Когда Левитин услышал гудки, он взбесился и едва удержался, чтобы тут же не поехать к Шуре, чтобы разъяснить ей, как нужно разговаривать с мужем. Однако гнев его скоро прошел, пара рюмок коньяка сняла напряжение, убрала раздраженность, вместо нее пришло приятное расслабление. В конце концов он решил, что все, что ни есть, к лучшему. Шура давно перестала интересовать его как женщина, к Мишке он так и не успел по-настоящему привязаться, полюбить. Да, есть у него сын. Один из пунктов всем известной программы. От материальной помощи Левитин не собирался увиливать, а воспитатель из него плохой. Вот Шуре все карты в руки. Пусть лепит из него, что хочет.
Левитин явился в суд по первой же повестке. Оба не собирались публично поливать друг друга грязью и разошлись мирно, не пожелав принять предложенного судьей срока на примирение. Сын оставался с матерью, Михаил не думал возражать. В его бурной, насыщенной делами и развлечениями жизни не было места и времени на воспитание ребенка. Шура была благодарна ему хотя бы за то, что он не стал чинить ей препятствий. Понимая, что он делает это исключительно из безразличия к происходящему, Шура наблюдала за тем, как Левитин прощается с сыном, фамильярно треплет его за щечку, не замечая на лице уже бывшего мужа и тени грусти.
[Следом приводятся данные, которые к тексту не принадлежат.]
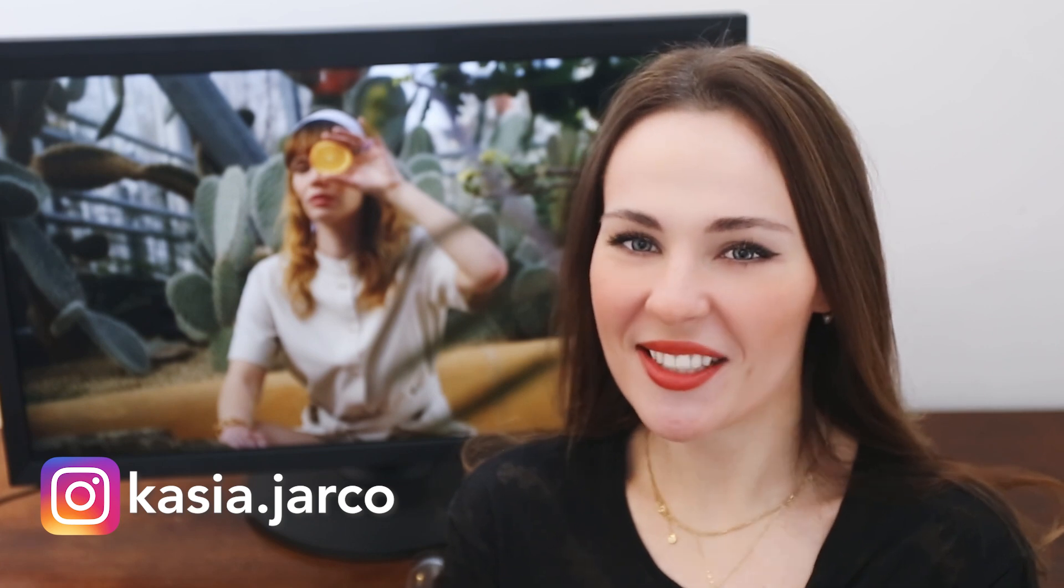I am also in the process of creating a color grading course for beginners, so if you are interested, sign up to my mailing list below this video. And now, let's move to the main part of the tutorial.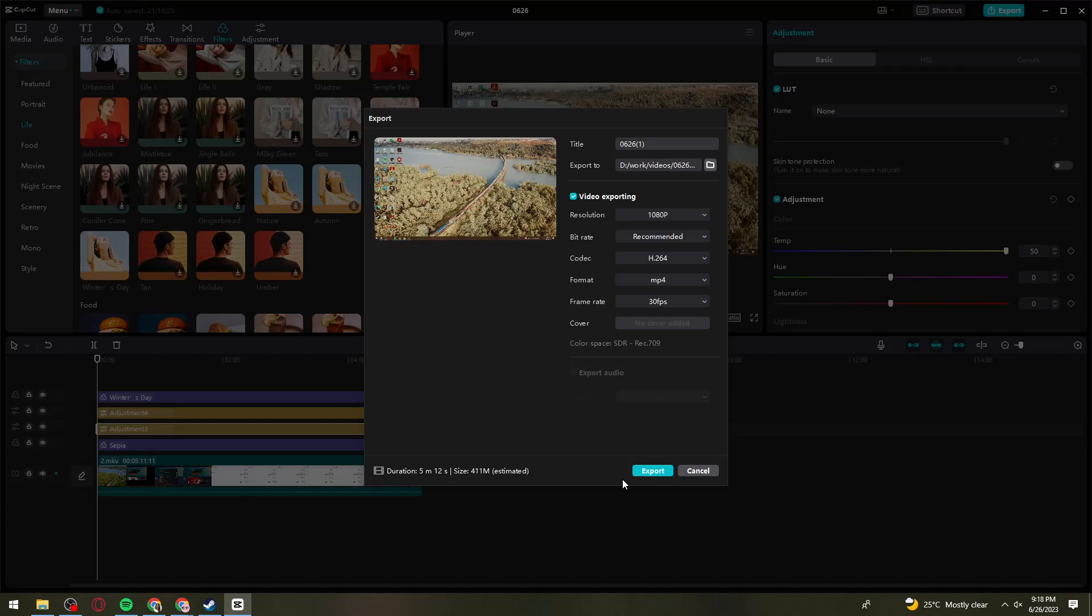And that is how you get the Preppy filter on CapCut. I hope this video helped you. If it did, make sure to like, subscribe, and hit the bell notifications so you won't miss a video. See you on the next one and have a great day.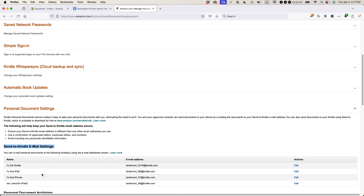Basically, what this allows me to do is send, as an attachment, a copy of an EPUB, a PDF, a Mobi document, or even a Word document that's an e-book to this Kindle. So basically, I can read them on the Kindle without having to either purchase it on Amazon or sideload it using a USB cable.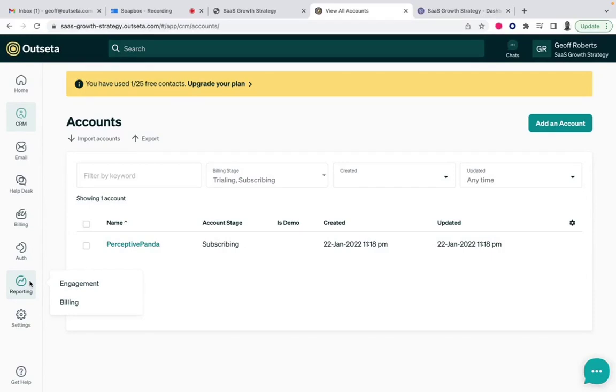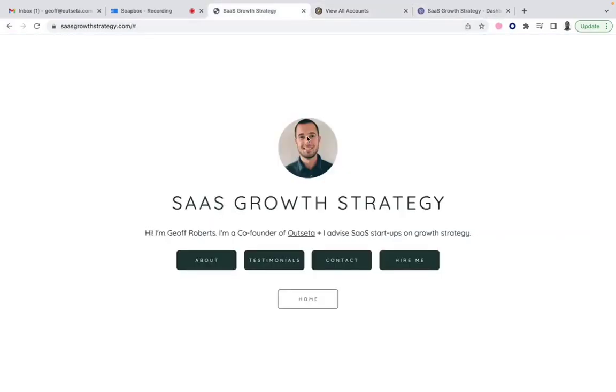That's how I built this consulting website, really in less than 30 minutes. If you have any questions on this whatsoever, please let me know. Thanks so much.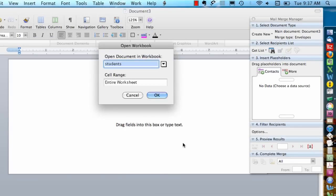You can click OK if you get that message. This is asking which worksheet you want to use if your Excel file contains multiple worksheets. Click OK here.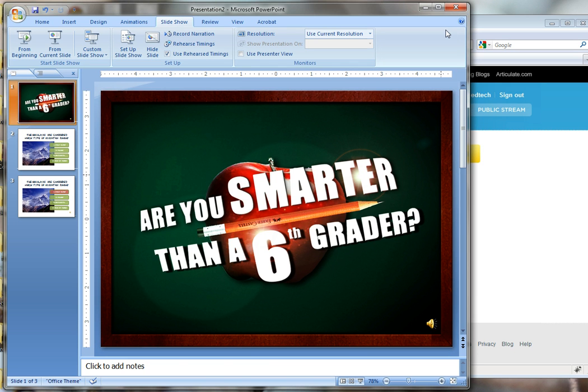So I've got my Screenr window up, ready to go and recording right now, and I've got it approximately the size of my PowerPoint presentation.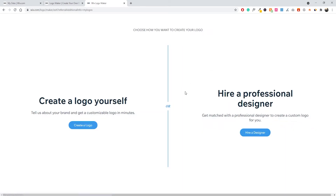The next step is to choose how you want to create your logo. You can create a logo yourself, which is a bit more advanced — it's similar to the website design tool in Wix, where you just drag and drop elements, add text, icons, or upload your own. You can also hire a professional designer from the Wix platform to make the logo for you. But we want to do it ourselves, so go ahead and click on Create a Logo.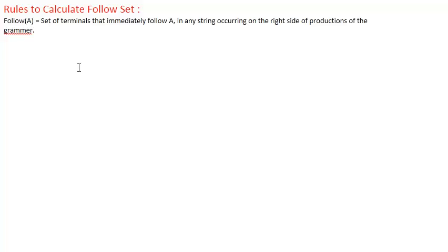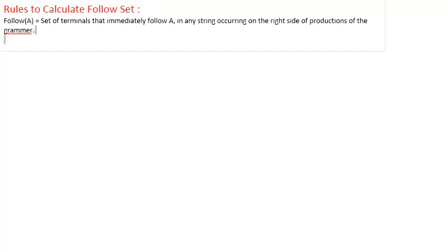The Follow of any non-terminal A is equal to the set of terminals that immediately follow A in any string occurring on the right side of productions of the grammar. So if we want to find the Follow of any non-terminal, we calculate the set of terminals that immediately follow that non-terminal. For calculating the Follow Set we have three rules.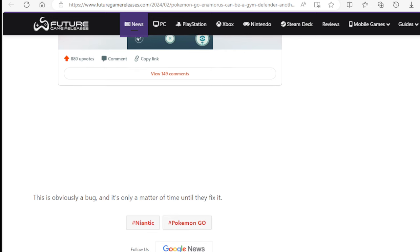This is obviously a bug. It's only a matter of time until they fix it. We hope that they don't fix it.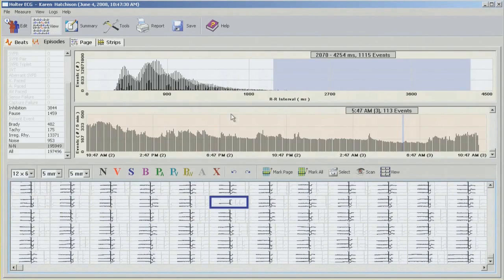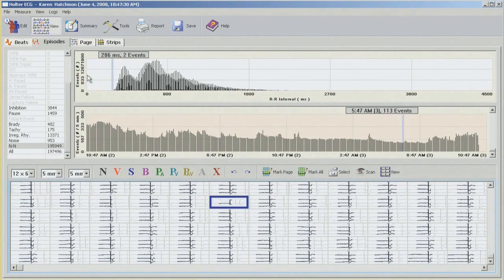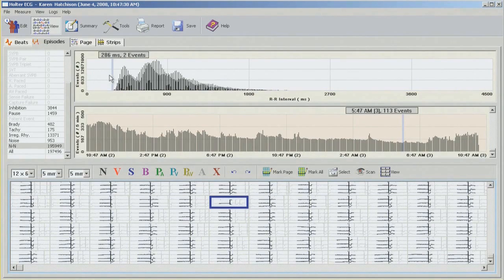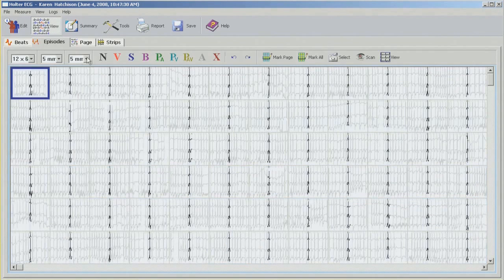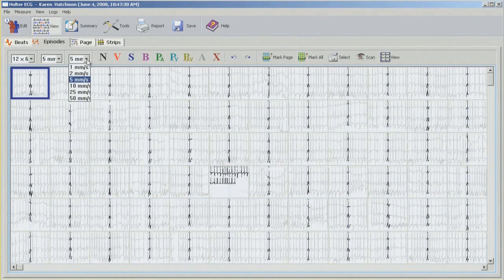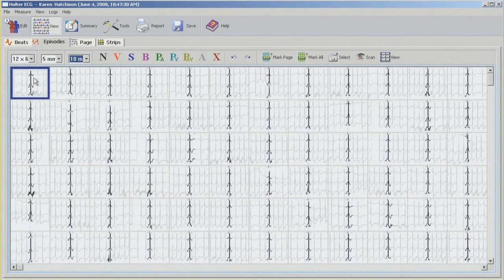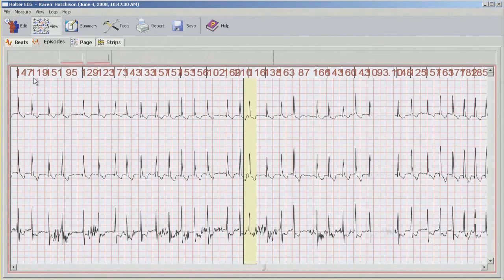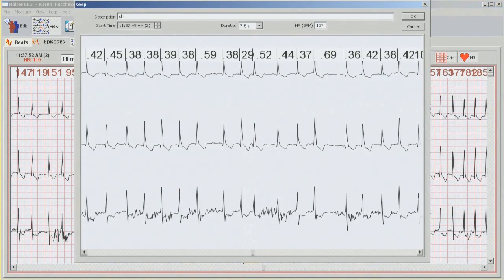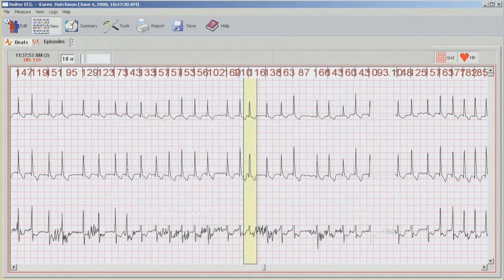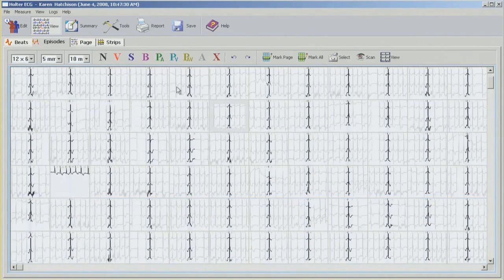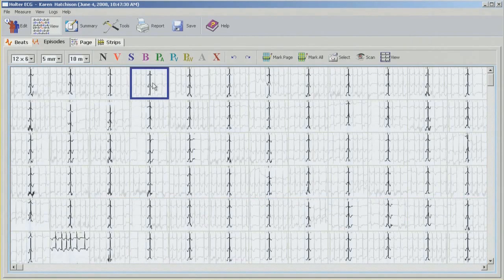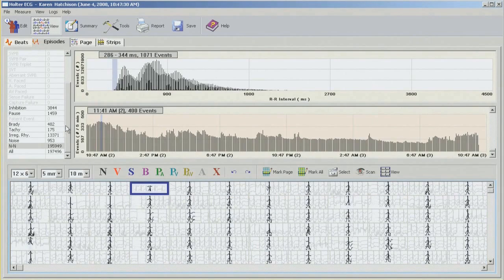And move on to the shortest one. So same thing, just going from the opposite side. Left mouse button down, hold it and drag over. Here I will change the speed again to 10. And this is our shortest NN, so just double click and select the label. Now I'm going to untag any of the boxes and use the Z button to go back to our previous screen.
Ей же достался легкий кивок и усмешка серо-голубых глаз, в которых читалось: «Надеюсь, ты довольна?»
Сам он решил, что теперь только и начинается настоящая жизнь. Никто не требует отчетов, никому не должен объяснять своих поступков, можно распоряжаться собой по собственному усмотрению, ни на кого не оглядываясь. Эйфория обретенной свободы сопровождалась многодневным запоем.